• _Available records_:

··········

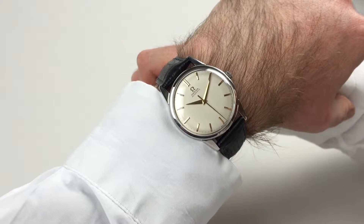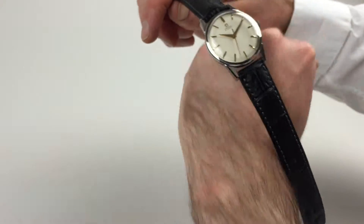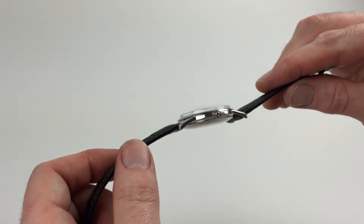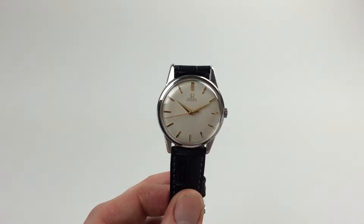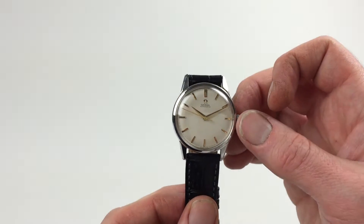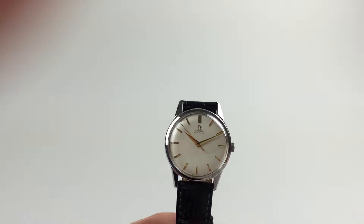This stylish steel Amiga automatic wristwatch dates to circa 1961. As an automatic watch, it will wind itself as it has been worn. However, if the watch has lain dormant for any period of time when it needs to be started, this can be achieved by just giving the crown a few turns away from you, and that will be enough to start the watch.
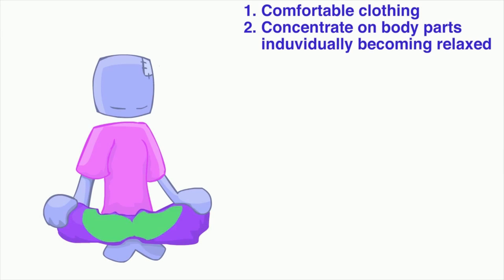First your feet, then your legs, then your thighs, hands — for about 10 to 20 seconds each — and just focus on them becoming relaxed.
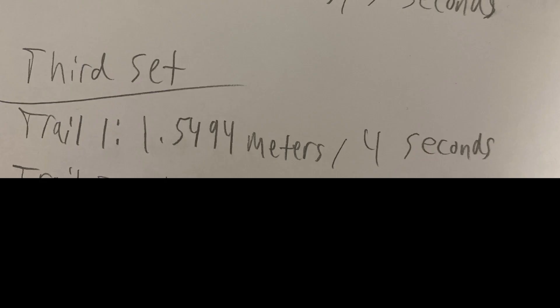The third set is as follows: Trial 1 is 1.5494 meters per 4 seconds, Trial 2 is 1.8288 meters per 5 seconds, and Trial 3 is 2.4892 meters per 5 seconds.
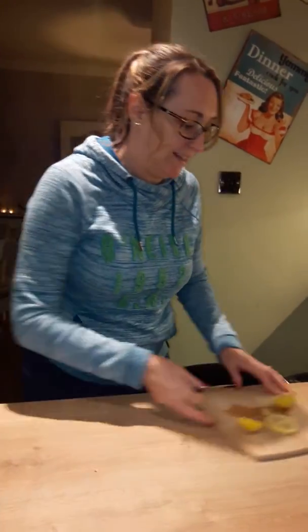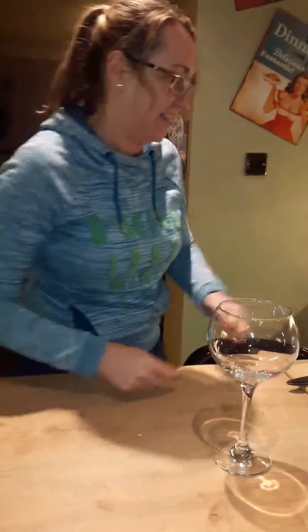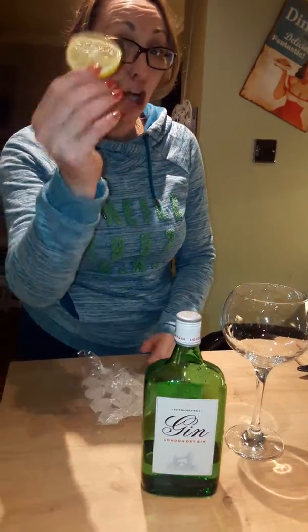Right, here we go — gin tutorial! Glass: impressive, the bigger the better, it's all about the size. Key element in making a gin and tonic: gin — fabulous. Aldi's voted the best. Ice — fresh lemons, gotta be fresh lemons.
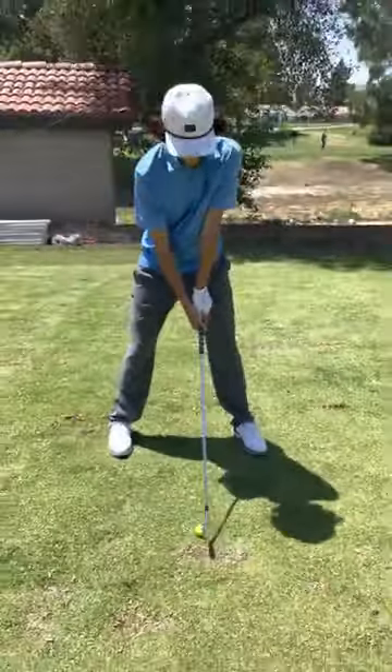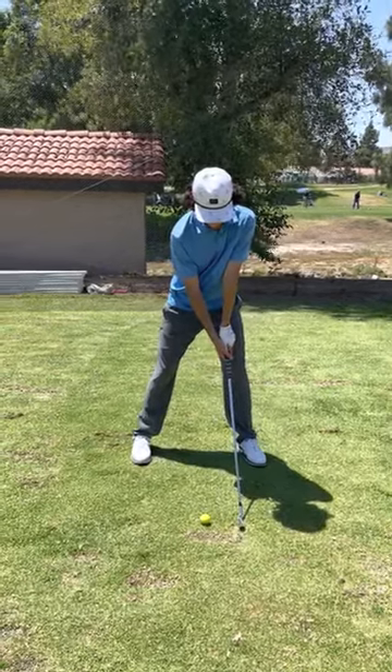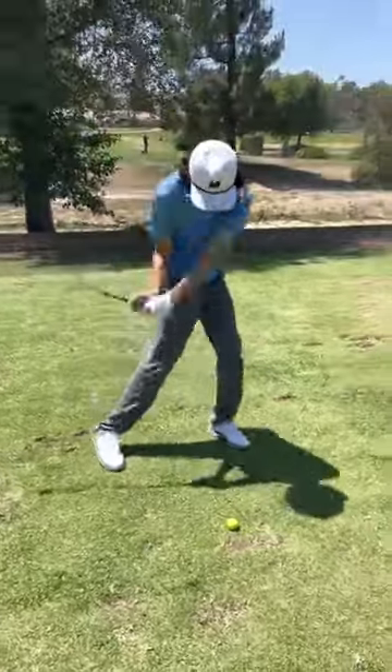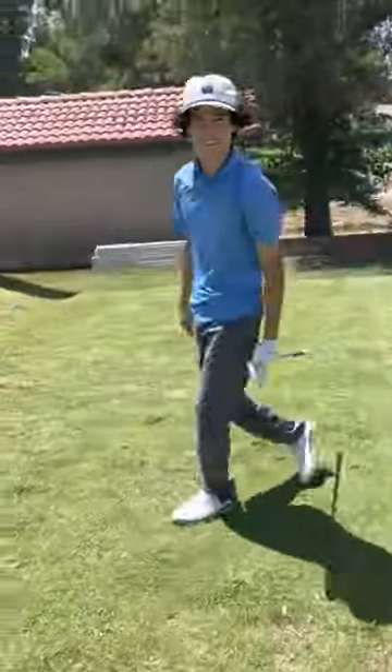Once he starts, he leans a little more towards the target because he's addressing that tee. He's gonna go around the ball, take a shot, murder it — and say thanks coach! Anyway, that's a good drill. Good job dude.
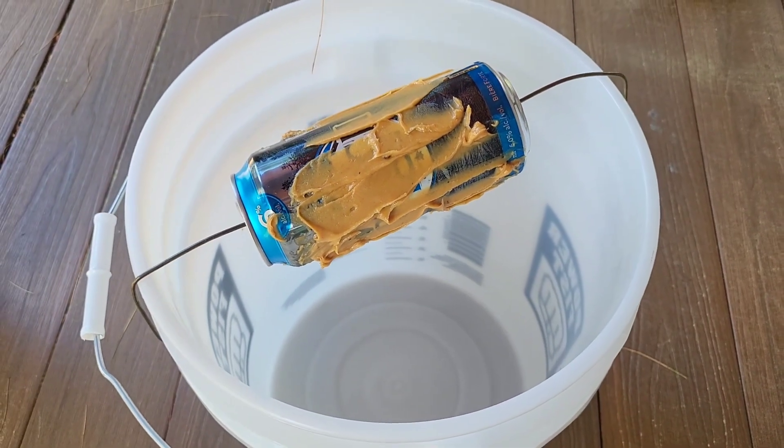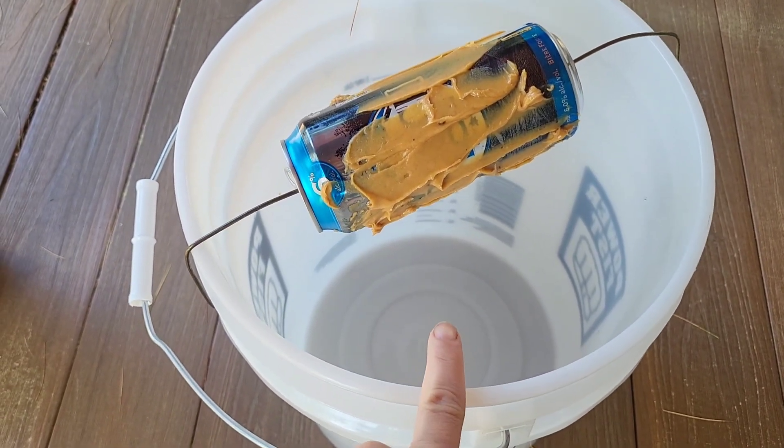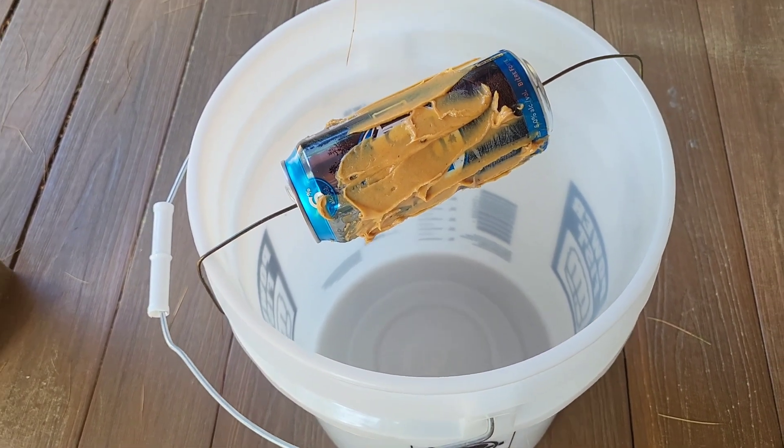And we caught one! You can either have them alive, or you put water in the bottom and they die. And that's how you get rid of your mice.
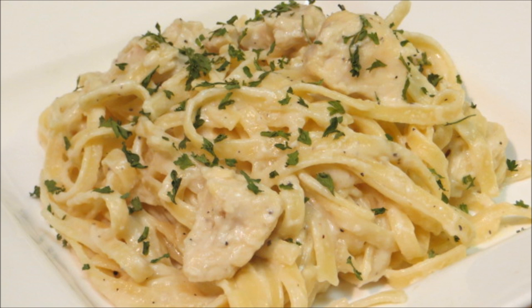There you have it — chicken fettuccine alfredo, and nobody would ever guess that this is made without cream. I hope you guys give this a try, thank you very much for watching, and see you next time.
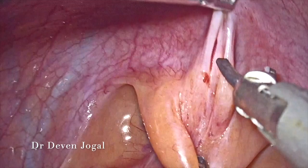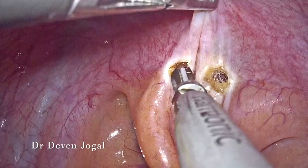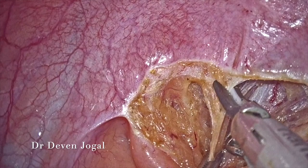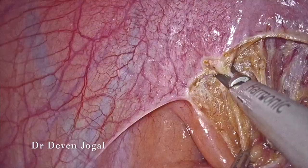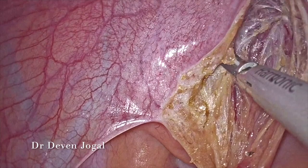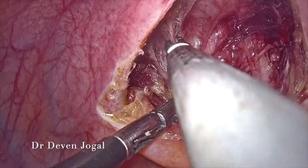As you can appreciate, the fat anteriorly and the vaginal plate — we are dissecting in between this plane. Millimeter by millimeter dissection was carried out, fat being pushed posteriorly, and the so-called recto-vaginal space was developed. At the same time, dissection from the vaginal end was also carried out.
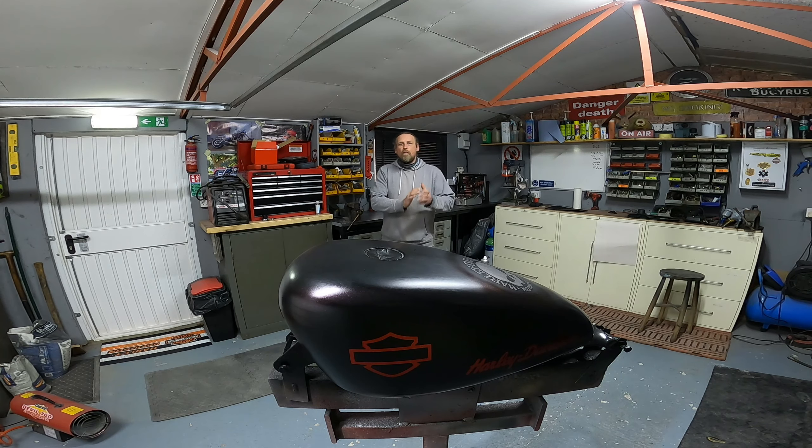How you doing folks, welcome back to Alkomoto's workshop. Here we are now with the final part of the Sportster Tank painting series. On this one we're going to lay on some clear coat and make this tank pop. There will be a final vlog on polishing down and flattening to give you that show finish, but for now this is about laying clear coat. Let's go take a look after the intro.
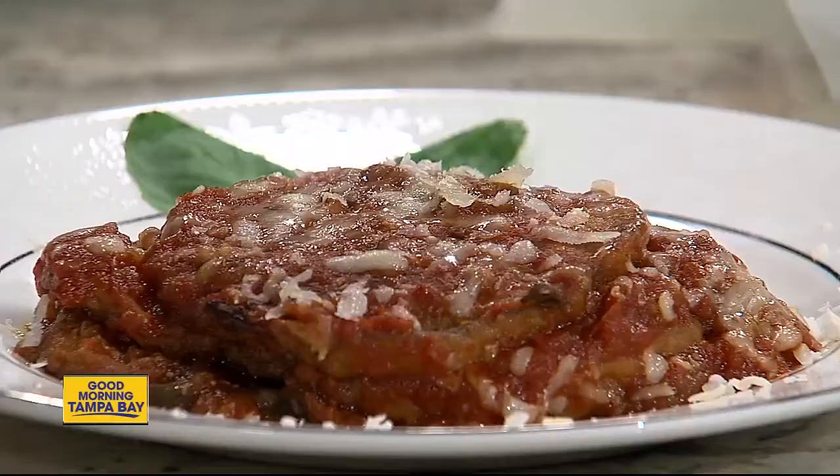This is definitely Italian comfort food, and this is something that means a lot to me from my childhood. When I was a little kid, we'd go to my grandmother's on a holiday or just to visit, and one of her favorite dishes to make us grandchildren was eggplant parmigiana. It's just one of those dishes that you eat and it just brings you back in time — you have these memories. So we're going to share those memories with all of you at home.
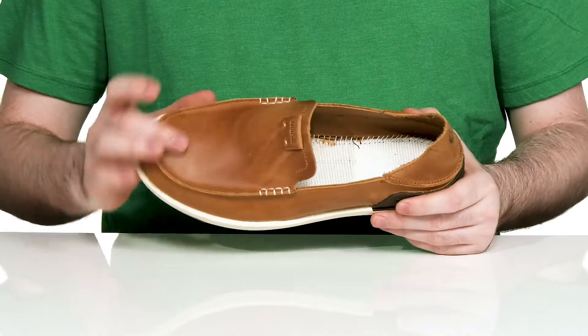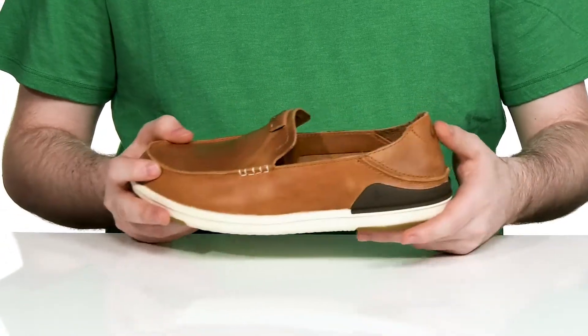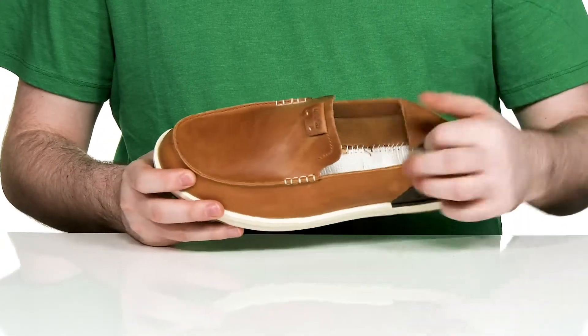This great loafer style uses a smooth full grain leather upper. It has a mock toe stitch detailing and a collapsible heel, so you can wear this in two easy-to-wear styles.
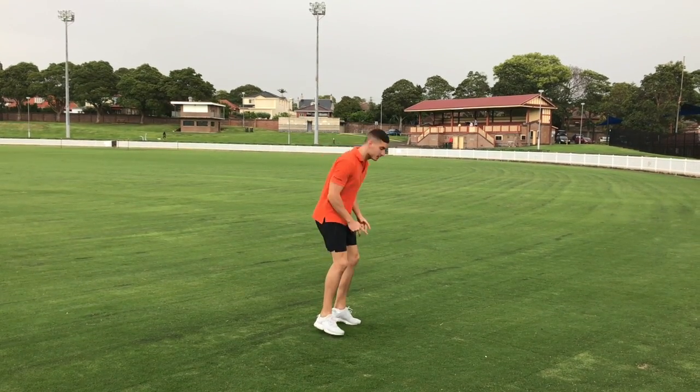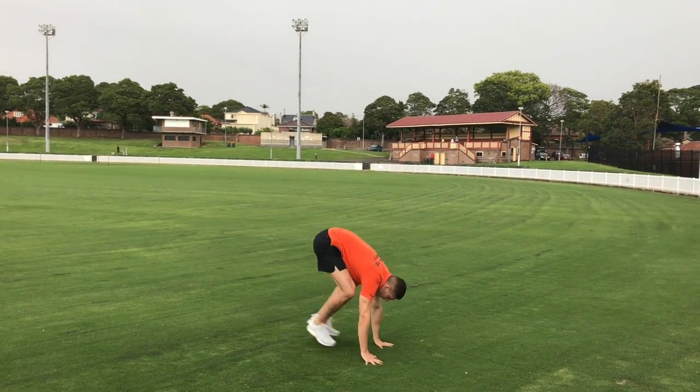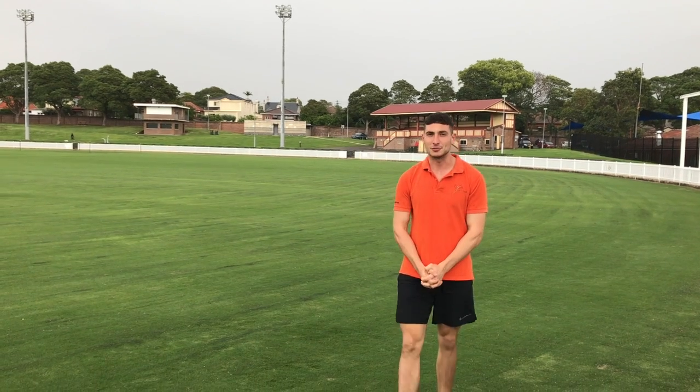So in a fluid motion it should look like this. That's your challenge for today — show me how many you can do in 30 seconds.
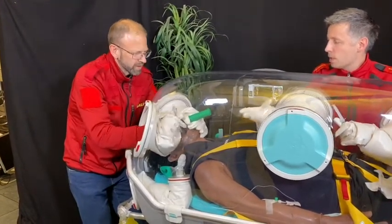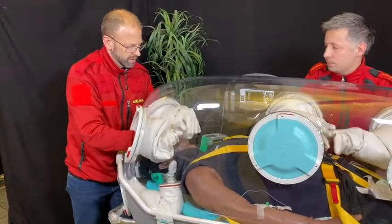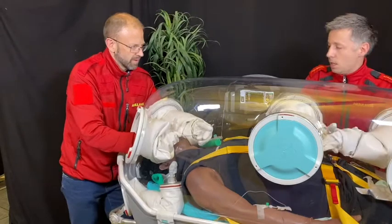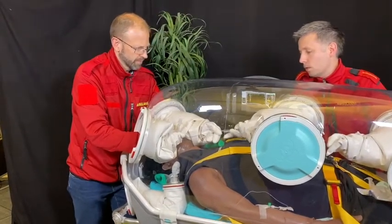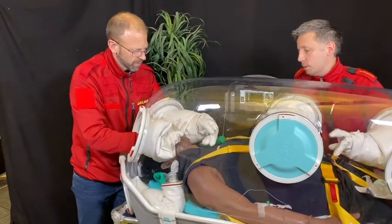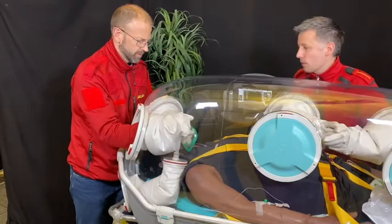There you go. Pulling the stylet — the stylet is out. And you can then do the cuff — that is eight milliliters of air.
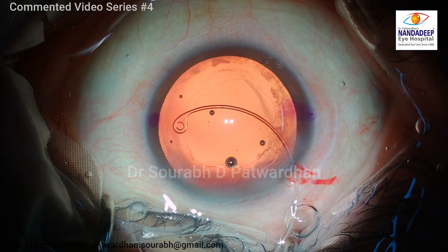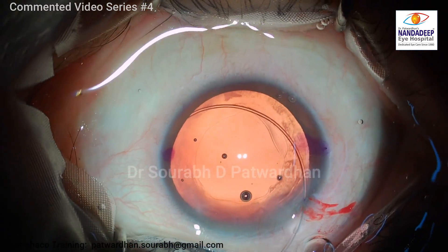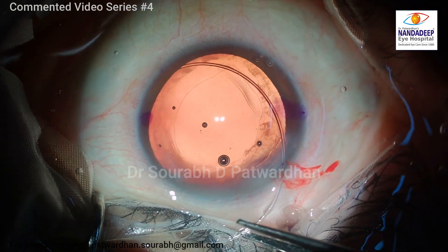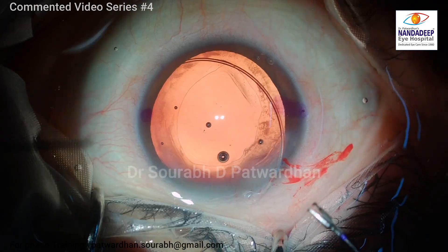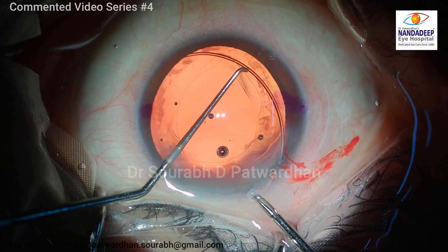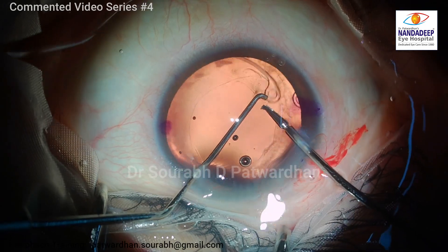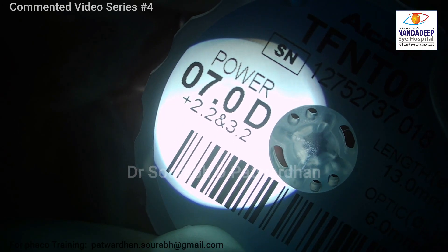For all cases where axial length is more than 26 mm and I feel the back size is large, I use the CTR. It usually helps in better centration of the IOL in the long run as well. I use a microcapsulorrhexis forceps — the blunted one usually — and push it in like this, using the left hand sinskey to make sure it goes in the bag.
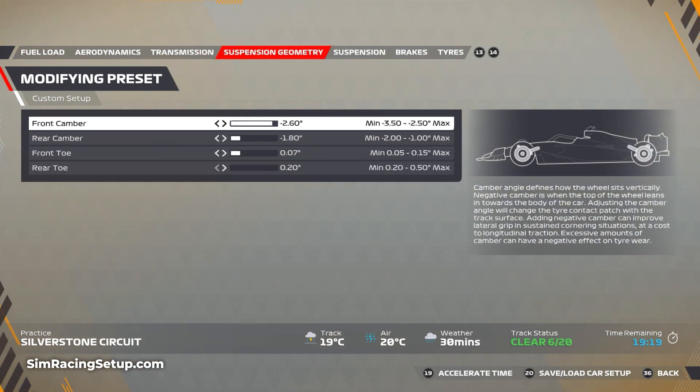For suspension geometry, go minus 2.6 on your front camber. I've actually gone further left on the rear camber than I normally do — go minus 1.8. Then go 0.07 on your front toe and leave the rear toe at 0.2, which is crucial for pretty much any wet setup.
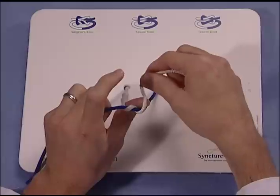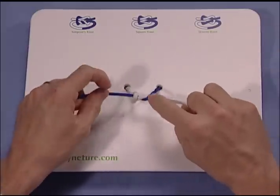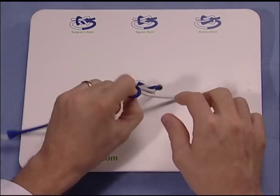The suture is grasped a second time and brought through. This second throw allows for greater knot security in a situation prone to slippage.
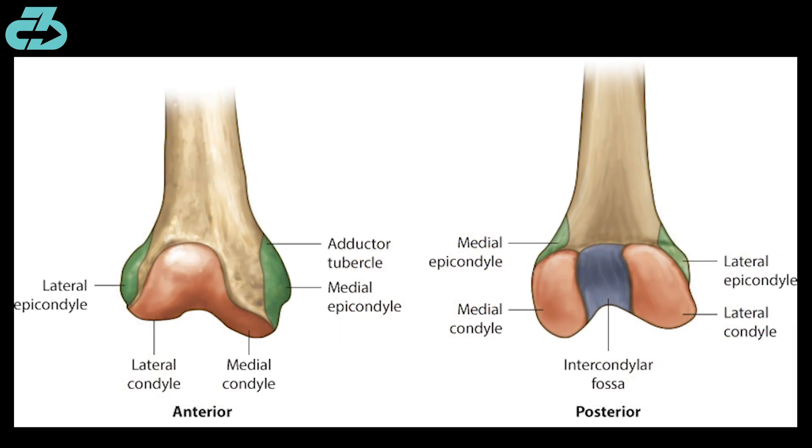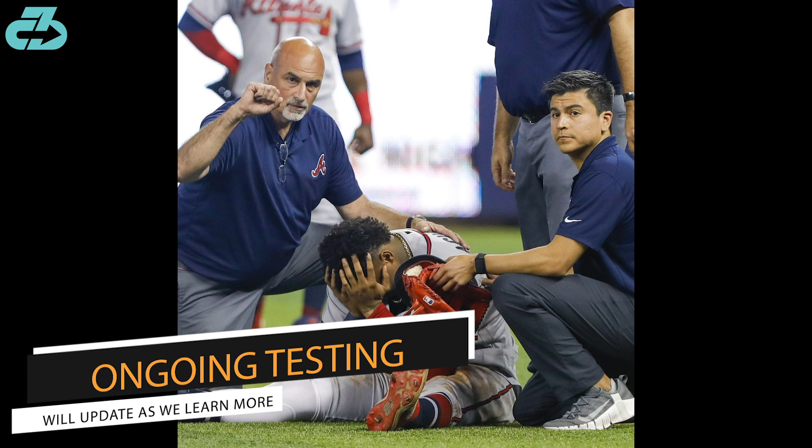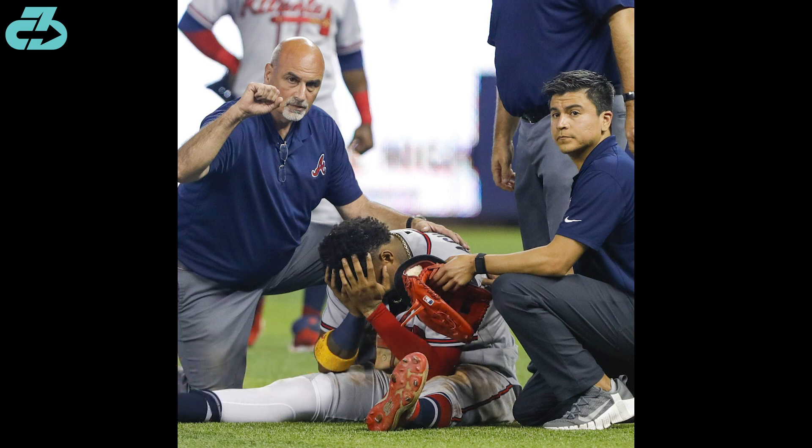Further, there's potential for fractures to the femoral — upper leg bone — condyles and tibial plateaus — top of the shin bone — along with bone bruising. The training staff likely already has a good idea on severity based on manual testing and will be headed in for MRI imaging.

··········

• _Exercise instructions_:
Nothing but the lines from the one with "Once he starts, he" to the one with "And we caught" above, both included, should be transcribed, exactly and without pictures.

• _Expected output_:
Once he starts, he leans a little more towards the target because he's addressing that tee. He's gonna go around the ball, take a shot, murder it — and say thanks coach! Anyway, that's a good drill. Good job dude.
And we caught one! You can either have them alive, or you put water in the bottom and they die. And that's how you get rid of your mice.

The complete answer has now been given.